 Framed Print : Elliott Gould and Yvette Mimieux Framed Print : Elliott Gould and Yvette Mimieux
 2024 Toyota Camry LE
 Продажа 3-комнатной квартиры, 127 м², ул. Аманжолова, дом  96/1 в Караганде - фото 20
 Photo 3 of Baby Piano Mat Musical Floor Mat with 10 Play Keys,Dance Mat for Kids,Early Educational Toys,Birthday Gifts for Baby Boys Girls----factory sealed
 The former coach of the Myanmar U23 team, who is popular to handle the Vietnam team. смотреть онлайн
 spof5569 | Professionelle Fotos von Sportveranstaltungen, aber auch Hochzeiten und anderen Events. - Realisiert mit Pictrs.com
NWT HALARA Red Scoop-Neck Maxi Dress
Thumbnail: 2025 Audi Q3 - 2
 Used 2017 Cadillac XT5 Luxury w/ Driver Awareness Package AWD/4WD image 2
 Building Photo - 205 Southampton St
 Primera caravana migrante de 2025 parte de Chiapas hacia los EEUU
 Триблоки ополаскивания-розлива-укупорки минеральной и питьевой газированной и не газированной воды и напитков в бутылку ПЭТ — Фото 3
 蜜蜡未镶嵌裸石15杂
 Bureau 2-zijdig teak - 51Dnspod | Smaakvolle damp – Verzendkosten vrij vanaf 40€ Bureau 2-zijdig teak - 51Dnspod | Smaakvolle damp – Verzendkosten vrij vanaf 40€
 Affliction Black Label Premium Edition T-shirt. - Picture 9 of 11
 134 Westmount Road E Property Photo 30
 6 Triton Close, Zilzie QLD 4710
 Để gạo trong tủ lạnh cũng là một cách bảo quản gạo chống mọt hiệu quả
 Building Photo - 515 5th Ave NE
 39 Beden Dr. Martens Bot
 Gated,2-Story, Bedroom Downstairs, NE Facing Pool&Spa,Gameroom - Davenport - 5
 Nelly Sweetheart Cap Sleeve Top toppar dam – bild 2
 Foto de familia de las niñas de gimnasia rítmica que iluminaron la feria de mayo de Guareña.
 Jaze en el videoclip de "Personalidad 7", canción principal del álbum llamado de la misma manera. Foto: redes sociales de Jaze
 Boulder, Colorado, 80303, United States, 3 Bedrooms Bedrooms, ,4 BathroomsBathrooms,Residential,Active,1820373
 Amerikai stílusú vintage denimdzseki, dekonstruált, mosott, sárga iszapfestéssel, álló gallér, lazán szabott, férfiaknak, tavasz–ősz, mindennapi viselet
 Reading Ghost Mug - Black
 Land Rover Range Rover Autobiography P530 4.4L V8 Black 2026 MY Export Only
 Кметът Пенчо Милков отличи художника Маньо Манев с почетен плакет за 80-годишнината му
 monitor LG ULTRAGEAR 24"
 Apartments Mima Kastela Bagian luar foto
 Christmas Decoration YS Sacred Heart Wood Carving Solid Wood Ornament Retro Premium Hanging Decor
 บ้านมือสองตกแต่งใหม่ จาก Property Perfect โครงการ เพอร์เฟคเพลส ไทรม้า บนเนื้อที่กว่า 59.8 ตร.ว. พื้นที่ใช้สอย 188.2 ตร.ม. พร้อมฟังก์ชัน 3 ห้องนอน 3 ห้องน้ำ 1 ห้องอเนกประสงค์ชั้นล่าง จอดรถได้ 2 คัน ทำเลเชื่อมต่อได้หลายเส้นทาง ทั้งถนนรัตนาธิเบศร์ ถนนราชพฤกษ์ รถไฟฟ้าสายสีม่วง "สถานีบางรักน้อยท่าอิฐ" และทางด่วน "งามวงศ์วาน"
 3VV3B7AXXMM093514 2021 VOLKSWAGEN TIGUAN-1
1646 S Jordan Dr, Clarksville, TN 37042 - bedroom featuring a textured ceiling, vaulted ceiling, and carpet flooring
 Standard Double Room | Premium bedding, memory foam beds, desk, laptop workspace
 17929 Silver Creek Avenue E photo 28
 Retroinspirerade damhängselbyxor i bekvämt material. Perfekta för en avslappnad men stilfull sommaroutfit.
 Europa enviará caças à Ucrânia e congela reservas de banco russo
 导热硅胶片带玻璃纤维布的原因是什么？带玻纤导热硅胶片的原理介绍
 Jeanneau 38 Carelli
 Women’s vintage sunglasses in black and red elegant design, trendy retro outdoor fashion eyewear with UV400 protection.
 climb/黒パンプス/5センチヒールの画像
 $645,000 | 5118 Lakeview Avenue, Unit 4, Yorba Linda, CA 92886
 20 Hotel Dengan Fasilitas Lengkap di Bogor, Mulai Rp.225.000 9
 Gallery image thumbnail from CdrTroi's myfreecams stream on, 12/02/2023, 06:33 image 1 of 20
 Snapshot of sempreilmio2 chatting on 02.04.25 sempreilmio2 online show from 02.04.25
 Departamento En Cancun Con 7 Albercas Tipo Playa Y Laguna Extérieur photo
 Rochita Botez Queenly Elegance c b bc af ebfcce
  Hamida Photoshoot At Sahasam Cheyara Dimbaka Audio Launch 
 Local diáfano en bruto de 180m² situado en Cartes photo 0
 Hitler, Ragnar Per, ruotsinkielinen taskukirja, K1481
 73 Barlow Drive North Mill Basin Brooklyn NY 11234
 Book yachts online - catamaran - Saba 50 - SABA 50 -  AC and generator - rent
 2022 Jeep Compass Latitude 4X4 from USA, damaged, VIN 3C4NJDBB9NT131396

▸ **TRY IT**
Using the material above, please reproduce each line exactly.

▸ **SOLUTION**
 Framed Print : Elliott Gould and Yvette Mimieux Framed Print : Elliott Gould and Yvette Mimieux
 2024 Toyota Camry LE
 Продажа 3-комнатной квартиры, 127 м², ул. Аманжолова, дом  96/1 в Караганде - фото 20
 Photo 3 of Baby Piano Mat Musical Floor Mat with 10 Play Keys,Dance Mat for Kids,Early Educational Toys,Birthday Gifts for Baby Boys Girls----factory sealed
 The former coach of the Myanmar U23 team, who is popular to handle the Vietnam team. смотреть онлайн
 spof5569 | Professionelle Fotos von Sportveranstaltungen, aber auch Hochzeiten und anderen Events. - Realisiert mit Pictrs.com
NWT HALARA Red Scoop-Neck Maxi Dress
Thumbnail: 2025 Audi Q3 - 2
 Used 2017 Cadillac XT5 Luxury w/ Driver Awareness Package AWD/4WD image 2
 Building Photo - 205 Southampton St
 Primera caravana migrante de 2025 parte de Chiapas hacia los EEUU
 Триблоки ополаскивания-розлива-укупорки минеральной и питьевой газированной и не газированной воды и напитков в бутылку ПЭТ — Фото 3
 蜜蜡未镶嵌裸石15杂
 Bureau 2-zijdig teak - 51Dnspod | Smaakvolle damp – Verzendkosten vrij vanaf 40€ Bureau 2-zijdig teak - 51Dnspod | Smaakvolle damp – Verzendkosten vrij vanaf 40€
 Affliction Black Label Premium Edition T-shirt. - Picture 9 of 11
 134 Westmount Road E Property Photo 30
 6 Triton Close, Zilzie QLD 4710
 Để gạo trong tủ lạnh cũng là một cách bảo quản gạo chống mọt hiệu quả
 Building Photo - 515 5th Ave NE
 39 Beden Dr. Martens Bot
 Gated,2-Story, Bedroom Downstairs, NE Facing Pool&Spa,Gameroom - Davenport - 5
 Nelly Sweetheart Cap Sleeve Top toppar dam – bild 2
 Foto de familia de las niñas de gimnasia rítmica que iluminaron la feria de mayo de Guareña.
 Jaze en el videoclip de "Personalidad 7", canción principal del álbum llamado de la misma manera. Foto: redes sociales de Jaze
 Boulder, Colorado, 80303, United States, 3 Bedrooms Bedrooms, ,4 BathroomsBathrooms,Residential,Active,1820373
 Amerikai stílusú vintage denimdzseki, dekonstruált, mosott, sárga iszapfestéssel, álló gallér, lazán szabott, férfiaknak, tavasz–ősz, mindennapi viselet
 Reading Ghost Mug - Black
 Land Rover Range Rover Autobiography P530 4.4L V8 Black 2026 MY Export Only
 Кметът Пенчо Милков отличи художника Маньо Манев с почетен плакет за 80-годишнината му
 monitor LG ULTRAGEAR 24"
 Apartments Mima Kastela Bagian luar foto
 Christmas Decoration YS Sacred Heart Wood Carving Solid Wood Ornament Retro Premium Hanging Decor
 บ้านมือสองตกแต่งใหม่ จาก Property Perfect โครงการ เพอร์เฟคเพลส ไทรม้า บนเนื้อที่กว่า 59.8 ตร.ว. พื้นที่ใช้สอย 188.2 ตร.ม. พร้อมฟังก์ชัน 3 ห้องนอน 3 ห้องน้ำ 1 ห้องอเนกประสงค์ชั้นล่าง จอดรถได้ 2 คัน ทำเลเชื่อมต่อได้หลายเส้นทาง ทั้งถนนรัตนาธิเบศร์ ถนนราชพฤกษ์ รถไฟฟ้าสายสีม่วง "สถานีบางรักน้อยท่าอิฐ" และทางด่วน "งามวงศ์วาน"
 3VV3B7AXXMM093514 2021 VOLKSWAGEN TIGUAN-1
1646 S Jordan Dr, Clarksville, TN 37042 - bedroom featuring a textured ceiling, vaulted ceiling, and carpet flooring
 Standard Double Room | Premium bedding, memory foam beds, desk, laptop workspace
 17929 Silver Creek Avenue E photo 28
 Retroinspirerade damhängselbyxor i bekvämt material. Perfekta för en avslappnad men stilfull sommaroutfit.
 Europa enviará caças à Ucrânia e congela reservas de banco russo
 导热硅胶片带玻璃纤维布的原因是什么？带玻纤导热硅胶片的原理介绍
 Jeanneau 38 Carelli
 Women’s vintage sunglasses in black and red elegant design, trendy retro outdoor fashion eyewear with UV400 protection.
 climb/黒パンプス/5センチヒールの画像
 $645,000 | 5118 Lakeview Avenue, Unit 4, Yorba Linda, CA 92886
 20 Hotel Dengan Fasilitas Lengkap di Bogor, Mulai Rp.225.000 9
 Gallery image thumbnail from CdrTroi's myfreecams stream on, 12/02/2023, 06:33 image 1 of 20
 Snapshot of sempreilmio2 chatting on 02.04.25 sempreilmio2 online show from 02.04.25
 Departamento En Cancun Con 7 Albercas Tipo Playa Y Laguna Extérieur photo
 Rochita Botez Queenly Elegance c b bc af ebfcce
  Hamida Photoshoot At Sahasam Cheyara Dimbaka Audio Launch 
 Local diáfano en bruto de 180m² situado en Cartes photo 0
 Hitler, Ragnar Per, ruotsinkielinen taskukirja, K1481
 73 Barlow Drive North Mill Basin Brooklyn NY 11234
 Book yachts online - catamaran - Saba 50 - SABA 50 -  AC and generator - rent
 2022 Jeep Compass Latitude 4X4 from USA, damaged, VIN 3C4NJDBB9NT131396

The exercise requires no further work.